В пустыне чахлой и скупой,
На почве, зноем раскаленной,
Анчар, как грозный часовой,
Стоит — один во всей вселенной.
Природа жаждущих степей
Его в день гнева породила,
И зелень мертвую ветвей
И корни ядом напоила.
Но дальше Литвак отменяет эпическую интонацию и формирует впечатление детскости аллитерацией «шмели и пчелы» и на уровне морфемы уменьшительно-ласкательным суффиксом в слове «хоботки»:
Его весь день сосут шмели и пчелы,
Суют в нутро настырно хоботки, —
а в последующих двух строках реминисценцией с самым известным стихотворением Агнии Барто «Зайку бросила хозяйка, под дождем остался зайка…»:
Он всем открыт, беспомощный и голый,
Лишь под дождем сжимая лепестки.
Такое странное наложение приемов в контексте неожиданно формирует смысловой образ по принципу «совмещение несовместимого», одного из главных канонов авангардного и новаторского искусства.
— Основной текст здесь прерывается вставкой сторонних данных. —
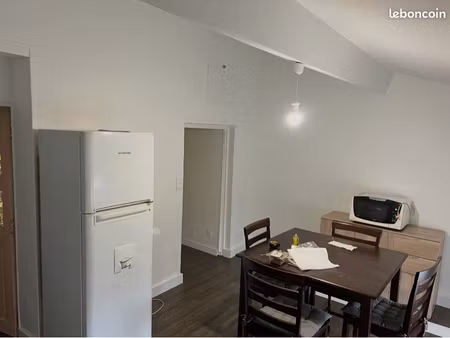 maison de ville 50m2
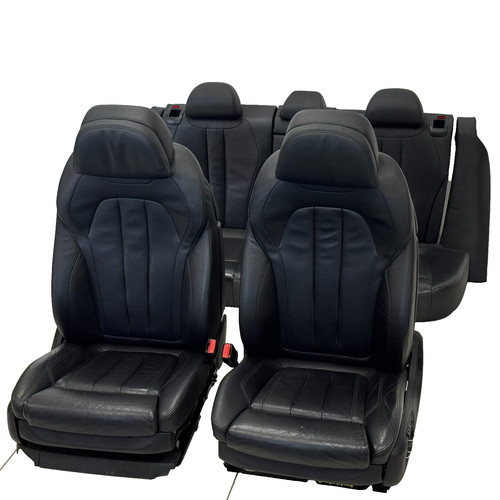 Sedili comfort bmw - sedili, x5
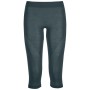 Термоштани Ortovox 120 Comp Light Short Pants Wmn dark arctic grey - S - темно-сірий (025.001.1230)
О смещении интонации «предупреждает» уже игра в стилистическую ошибку, парадоксальный «перевертыш» — оксюморон «к небу наклонен», причем борьба с литературным штампом «тянется к небу» здесь не самоцель.
Далее эксперимент по смещению смысла продолжается, поскольку в третьем стихе появляется четкий эротический мотив, который тоже заявлял о себе в предыдущем стихе:
Он весь пунцов от сладострастной муки,
Щекочут муравьи, грызут жуки,
В его корнях кладут личинок мухи,
И оплетают листья пауки.
Но последняя строфа возвращает нас к эпической интонации, которая в первых двух строках представлена иронично за счет сознательного предъявления литературного штампа — «увял цветок», а дальше иронический пафос поддерживается контрастом стилистической окраски двух глаголов «увянуть» и «сгубила»: первое — из сентиментального лексикона поэтов-романтиков ХIХ века — в сочетании с просторечным «сгубила».
Увял цветок, природным циклам верен,
Его сгубила жизни полнота…
А в заключительных строчках иронический пафос плавно перетекает в аккорд жизнеутверждающего, вполне традиционного, узнаваемого финала:
И, засыхая, по ветру рассеял
Наполненные силой семена.
В целом, эффект насмешки во всем стихотворении рожден в лексическими атиномиями: «плевел», «хранит нектар», отравой напоен», «гнетет» — «сосут», «суют», «сладострастной муки» — «щекочут», «грызут».
Предметный образ-аллегория этого стихотворения — ядовитый цветок — передает размышления лирического героя о своем месте в жизни и неуютности современного мира. По сути, он переживает романтический конфликт несовместимости высоких страстей и окружающей действительности. Ядовитый цветок гибнет, он слаб пред временем и силами природы, но в финале нет указания на то, что его семена, развеянные ветром, также ядовиты, как и он сам. Они наполнены «силой», а не грозной, умертвляющей отравой.
В этом парадоксе и во многих других изобразительно-выразительных средствах поэзии Литвак реализуется девиз парадоксизма, одного из литературных направлений, основанного в Румынии писателем Флорентином Смарандаке в 1980-м году: «Все возможно, и невозможное тоже!»